The Pipeline Skate Park was once a self-policed, family-friendly facility covered in murals with mountains and aurora borealis, but has fallen into disarray in recent years with offensive graffiti routinely spray painted on walls and floors littered with beer cans, cigarette butts and drug paraphernalia.
Officials said during a parks advisory committee meeting Tuesday night that the city-managed park has become a haven for alcohol, drug and tobacco use. Thursday, copious cigarette butts and several empty beer cans were apparent at the park, and a receipt with marijuana residue on it lay on a ramp.
"I'll tell you, it's a cesspool," Sgt. Tom Bates of the Juneau Police Department said Tuesday night. "There is a lot of stuff going on out there."
Some avid skaters say it is not their peers that are vandalizing and disrespecting the park, but loiterers that are taking advantage of an open, covered facility to hang out in the middle of the night.
Skater Logan Terry, 17, said there is alcohol and drug use going on at the park, but said skaters are there to skateboard.
"Yeah, it goes down. Like, we'll come in in the morning and there will be broken bottles and people who have, like, spilled stuff all over the ramps," he said. "Usually if a skater sees someone, like, spilling stuff or trying to vandalize stuff, we'll do something about it pretty quick."
And the graffiti recently became so bad at that officials decided it needed a facelift.
"In the last two weeks, we went in and totally whitewashed (and) cleaned it," said Brent Fisher, city facilities maintenance superintendent. "Literally within 24 hours they were in there and they painted all four walls again. We play this dance now about every two days."
The city is holding an hour-long meeting at 5 p.m. Wednesday in the downtown library's large conference room to address the skate park issues. A number of possible solutions have been suggested to move away from the "unsupervised open venue management plan," including possibly adding surveillance cameras or adding a gate to secure the facility at night.
Kristi West, manager of the Zach Gordon Youth Center, which oversees the skate park, said the facility ran smoothly for about 10 years with the help of skaters that took pride in the park and self-policed it. The number of users hasn't decreased at the facility recently, but the number of younger skaters is lower because many parents don't feel it's safe for their children to be there anymore, she said.
"We've come to the point where we really need to change what we're doing out there," West said.
Some have suggested letting the skate park be a space that allows graffiti and creativity to blossom, but Bates said that is not a good idea for the public.
"The problem is once you have one place they are doing it, they start branching out," he said. "I guarantee once they get all that done they'll start branching out from that area and start vandalizing other things."
Just painting over graffiti is not going to solve many problems at the skate park, Terry said.
"There was a bunch of painting and graffiti and stuff there that kind of gave it some flare and every time somebody puts something up they paint over it in white now so they kind of have an insane asylum skate park now," he said.
Patrick Van Pool, who has been skating for 15 years and has worked part time at the park for the past six years, said the catalyst for the decline of the park over the past three years has been a lack of resources and unfinished ramps and other park features.
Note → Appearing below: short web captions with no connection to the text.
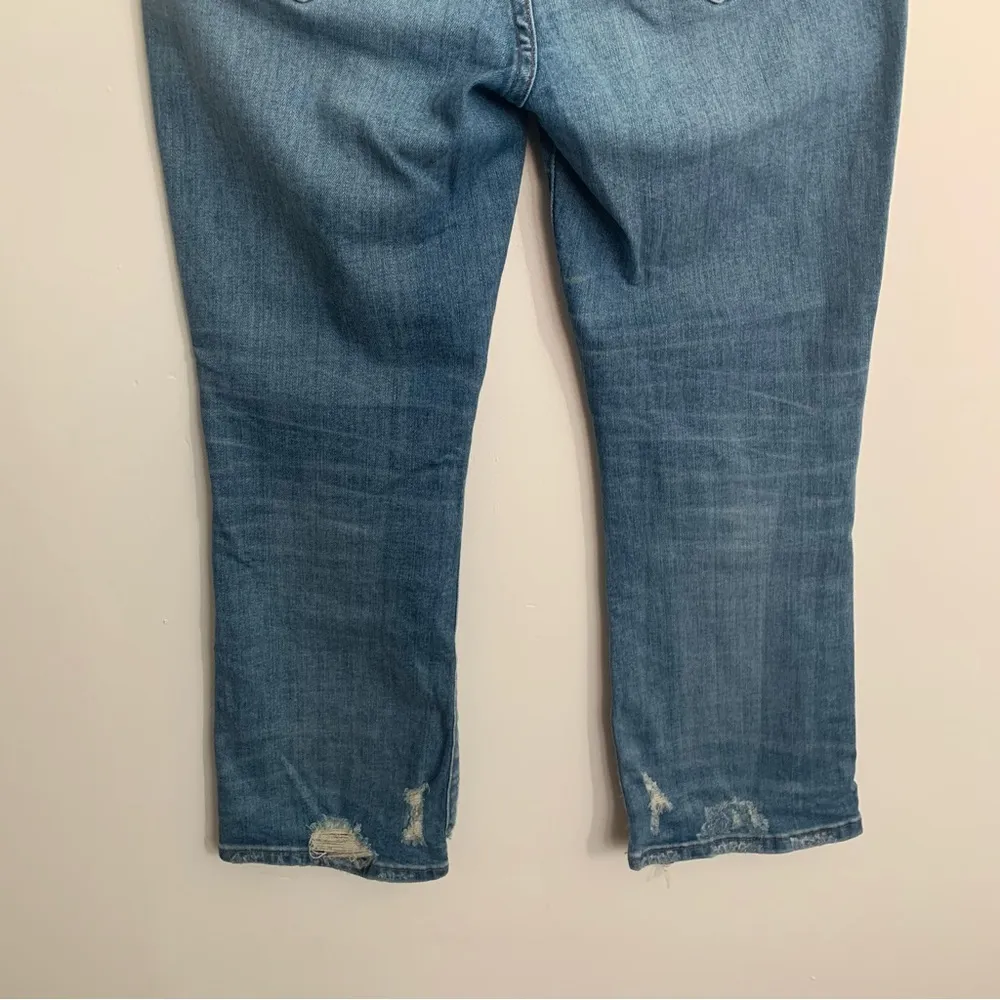 Petite Cali Demi Boot Button Fly Distressed Hem Jeans Size 25P - Image 9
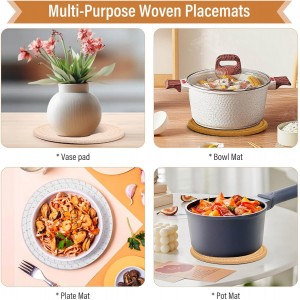 Trivet Mats Set for Hot Dishes, 5 Heat Resistant Pot Holders for Kitchen, Home Essentials, Anti Stain Hot Pads for Hot pots and Pans, Fall Decorations for Home, 7 Inches(Brown)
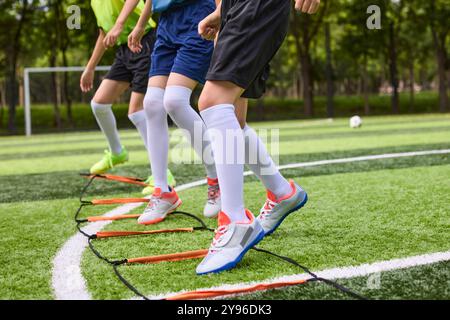 Kids Warming Up During Football Training Class Stock Photo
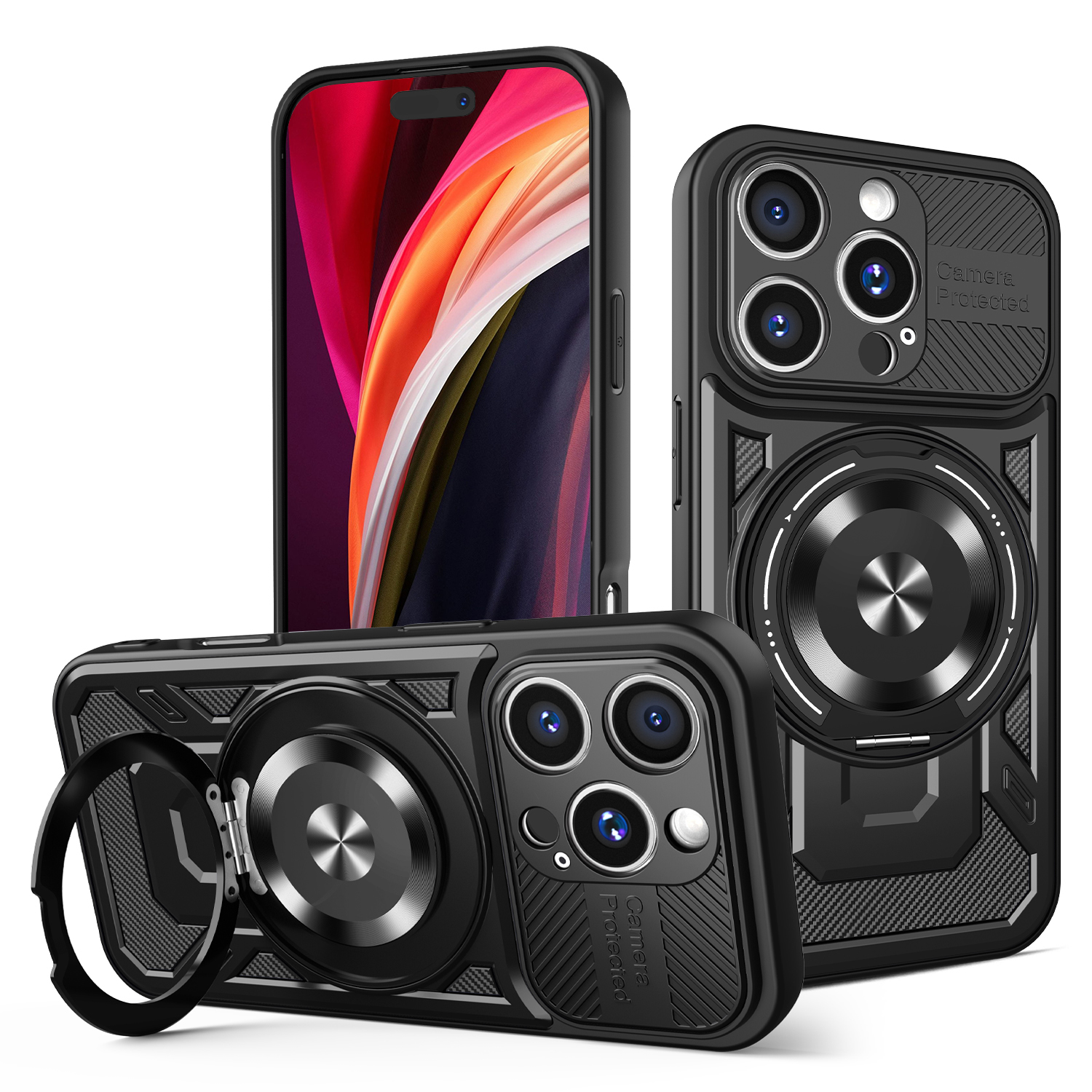 Defender Armor Mag dėklas telefonui iPhone 16 Pro 6,3" juodas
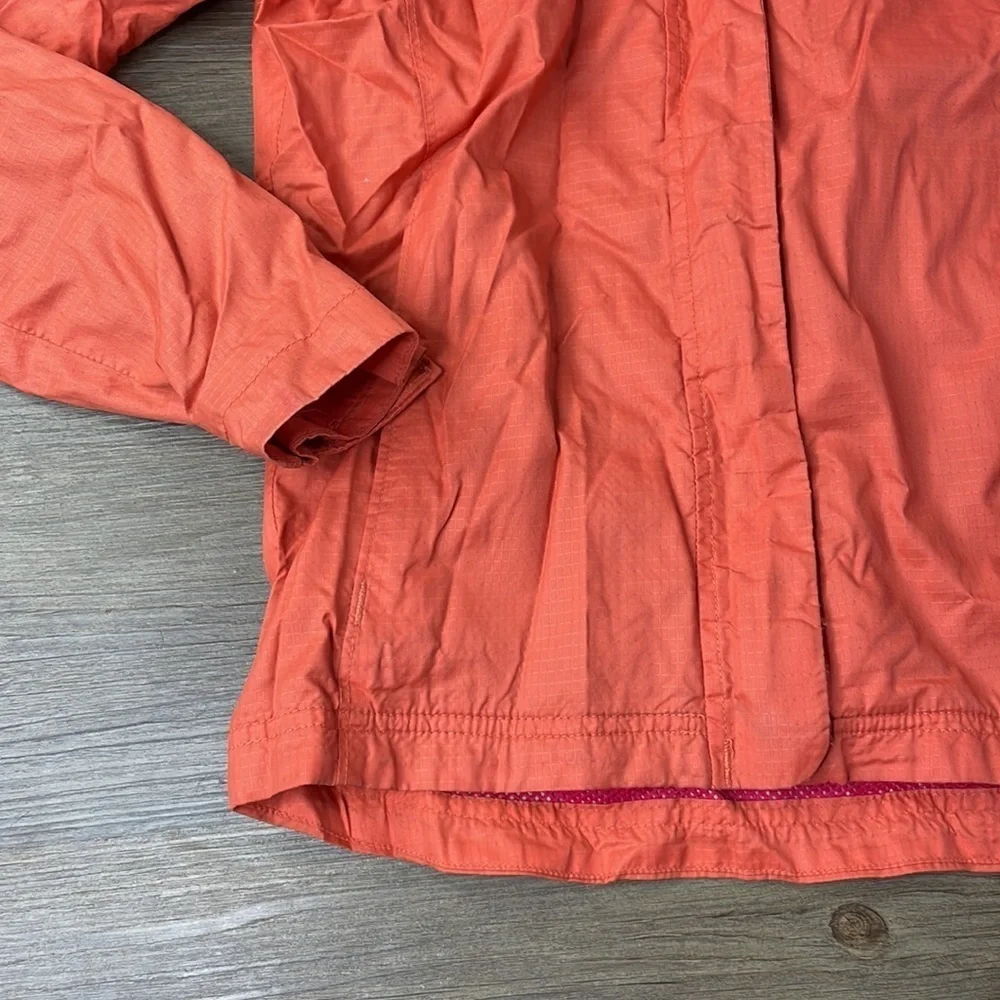 Columbia Girls Orange Pink Hooded Zip Up Windbreaker, size Girls medium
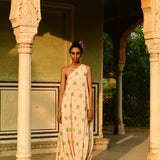 Surajmukhi Asymmetrical Ivory Printed One Shoulder Dress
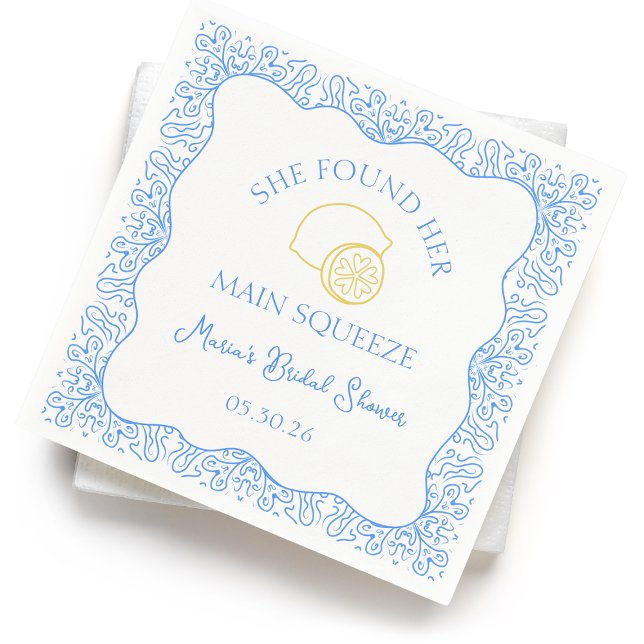 Main Squeeze Lemon & Blue Tiles Bridal Shower Napkins (Celebrate with these chic, lemon-themed napkins, for a 'She Found Her Main Squeeze' bridal shower!)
"If someone was in there that was passionate about making something happen with the skate park, I mean, it's just, like, endless potential," he said. "It's really an awesome opportunity if the opportunity was given to someone who wanted to do something with it."
The park has a lot of design problems, doesn't flow well, and has some pretty basic safety issues, Van Pool said.
"That kind of makes it where kids don't want to skate there as much and then it just attracts people that loiter and then it kind of goes downhill from there," he said.
Unfortunately, Van Pool said, the time has probably come for the city to put up some kind of gate to keep people from causing trouble at the park in the middle of the night.
"I think to really make it more of a positive environment, which is kind of the ultimate goal of the facility, is I think just completing it and maybe having someone supervising on occasion and make it to where kids can't just sit there and chain smoke, drink 40s and break bottles all over the ramps," he said.